Most people when they try to break a bad habit or when they try to create a good habit they do it the wrong way. Today we’re going to learn a better way, a more powerful way.
Atomic Habits
You want to study English every day, you want to exercise every day, eat healthy food, all these good habits.
Imagine three circles right, like a target. In the center circle is IDENTITY. Then the next circle outside that is PROCESSES (systems, habits). Then finally in the last circle is OUTCOMES (goals, results).
Let’s talk about identity. What is identity? Identity is who you think you are, the kind of person you think you are–your beliefs about yourself. You could have a religious identity, for example “I am a Vaishnava”. You could have an identity related to exercise and say “I’m a runner”. This is not a specific outcome. These are ideas about yourself. That’s identity– that’s at the center.
Then the next level is processes. These are habits, things you do frequently. “I am a runner”, that’s your identity. If you have a habit of jogging 30 minutes every day that’s a process.
Then finally you have the outcomes. Outcomes are specific results. For example: run a 5K race in under 21 minutes.
The deepest level is identity. The big mistake a lot of people make is to focus on the outcome first. They focus first on goal setting.
But the problem is that you need a lot of motivation to achieve a goal. And what creates the best motivation?
The best motivation is when a habit becomes part of your IDENTITY.

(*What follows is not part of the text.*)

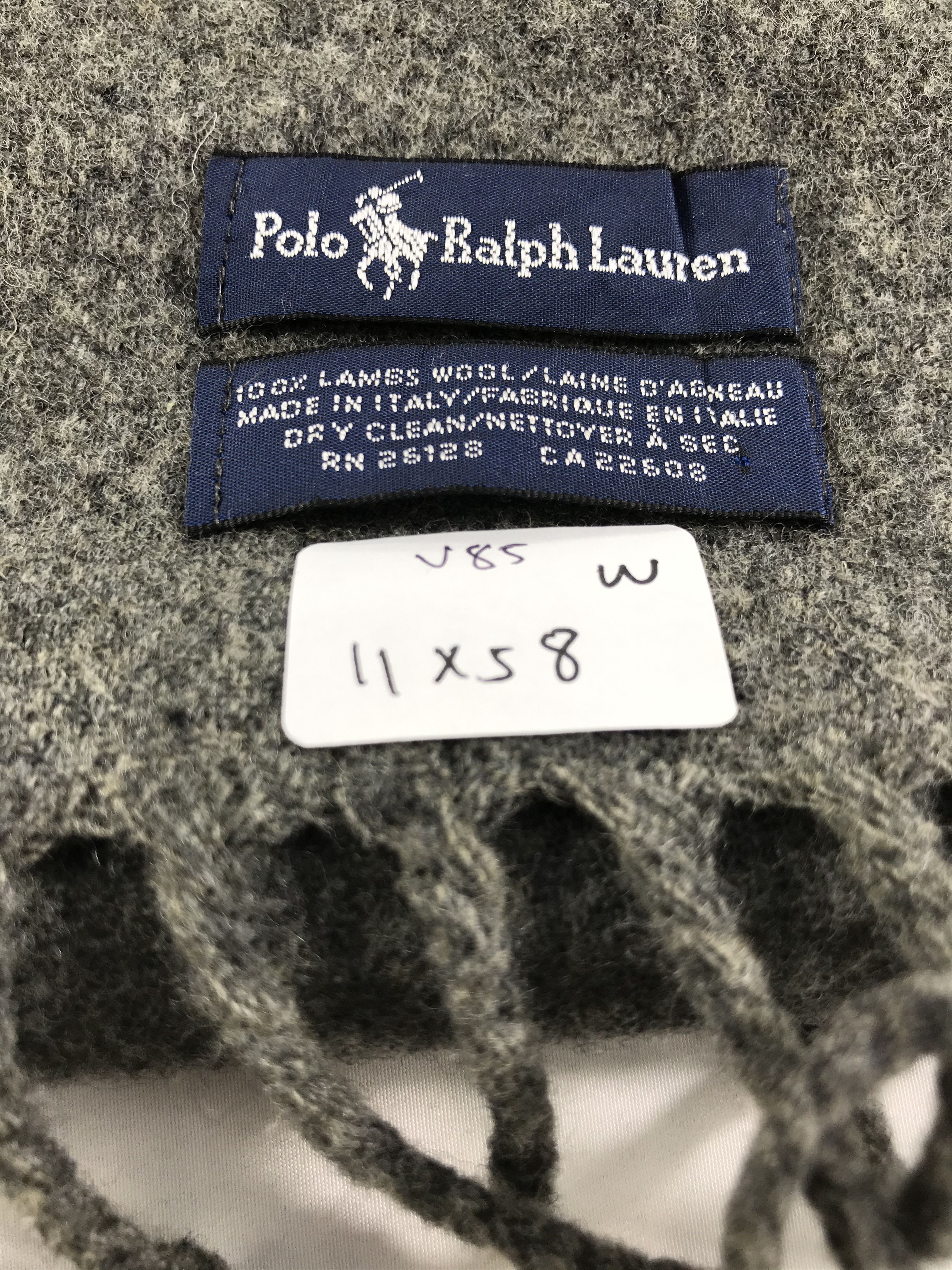 Polo Ralph Lauren Polo Ralph Lauren Wool Scarf Muffler V85 Size ONE SIZE - 7 Thumbnail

If you think and really feel “I am an English speaker” then it’s part of you. You don’t need to try to force yourself to do it. It’s part of who you are and it becomes very easy to do it every day. You want to read, to listen, to speak in English. For example, the real goal is not to run a marathon, the real goal is to become a runner.

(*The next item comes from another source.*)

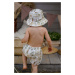 Detský bavlnený klobúk Jamiks DUFFY béžová farba, bavlnený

But maybe now you have a negative identity. For example, you think “I’m not a good English speaker”. “I’m terrible, I’m shy, I don’t like to speak English”. Or “I get bored listening to English”. So how do you change that identity. How do you develop and create a positive identity.
It’s a simple two-step process:
1. decide the type of person you want to be
2. prove it with a lot of VERY SMALL successes
Don’t try to change your identity with one huge goal. Just make little small habits so that you’re doing it a little bit every day.

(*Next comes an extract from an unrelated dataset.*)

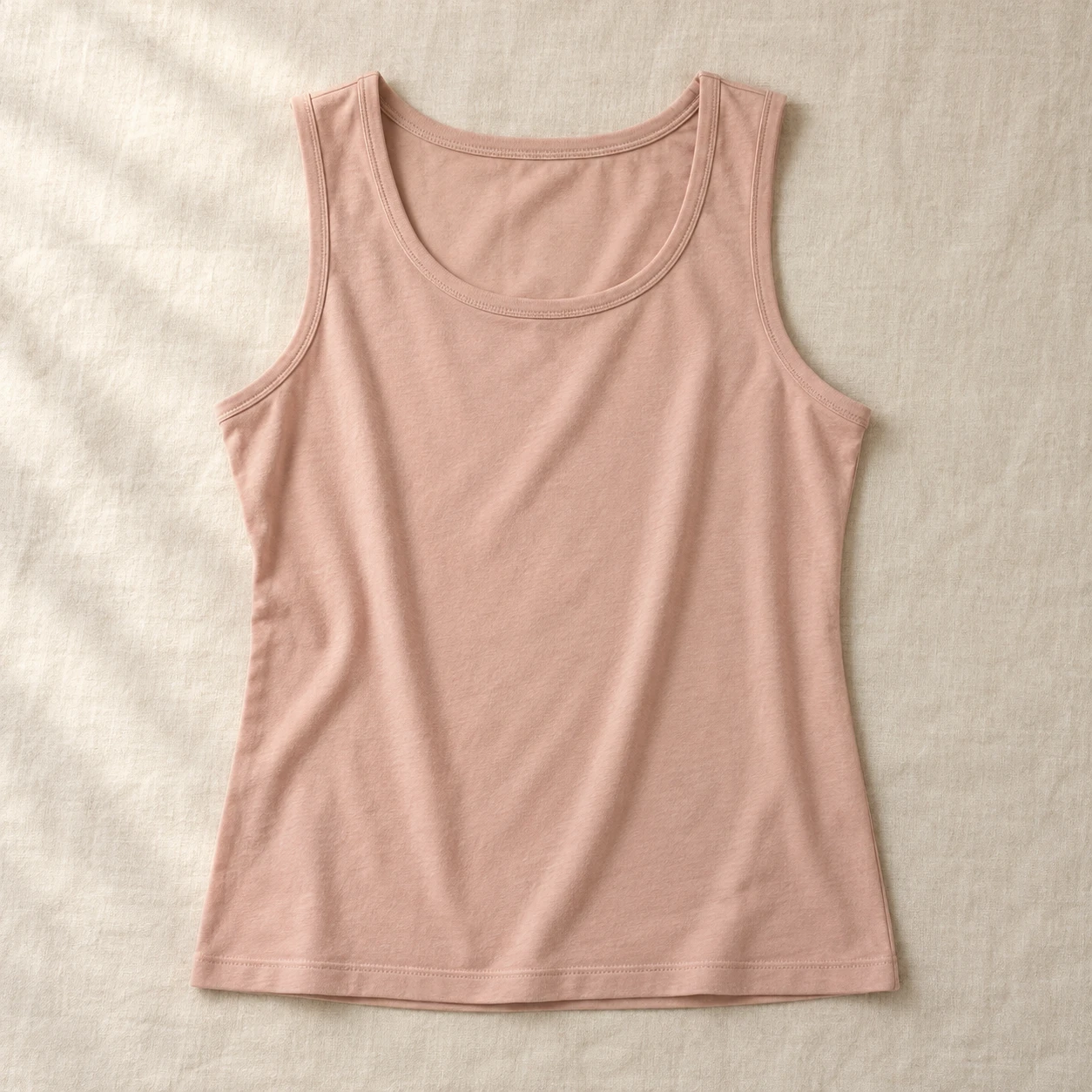 Petal Lounge Tank in Blush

For example, you say, “I’m an English speaker”. You know you don’t have to be the best English speaker. You don’t need to be perfect. You don’t even need to be fluent. You could just start with listening. Just get an Effortless English course or join my VIP program. Just listen one hour every day. You’re doing English every day. You go for a walk with your headphones and you just listen an hour a day while you walk outside. Easy. No stress. No pressure. You don’t need to speak perfectly. You don’t need to do it five hours a day. You don’t even need to talk to anybody in the beginning. This is such an easy habit to make. Listening to the mini-stories and the more difficult commentaries every day. This changes your identity.
Then maybe after three months you feel good and your identity is changing. THEN you make the habits bigger. You listen two hours every day. Then two months later, you decide to talk to somebody on Skype once a week in English. You can add more and add more and add more but in the beginning start with your identity. Start with very easy habits. If you’re really having trouble now with English then just listen to my mini stories. I mean that’s super easy to do. That’s very simple and very easy. It will help you improve a lot and it’s easy to do right now.
No pressure. No stress. In the beginning, don’t make a big goal to pass the TOEFL test with a high score. That’s a lot of stress and pressure.
Start with easy habits first. Focus on something you can easily do every day. You’re creating habits that are focused on your identity. You’re not focusing so much on big specific goals. Big specific goals can help later. Big specific goals are okay but they’re not the most important thing.
First change your identity. Then create LITTLE habits that are easy to do.
Then finally, when your identity is changed, then start going for the big goals.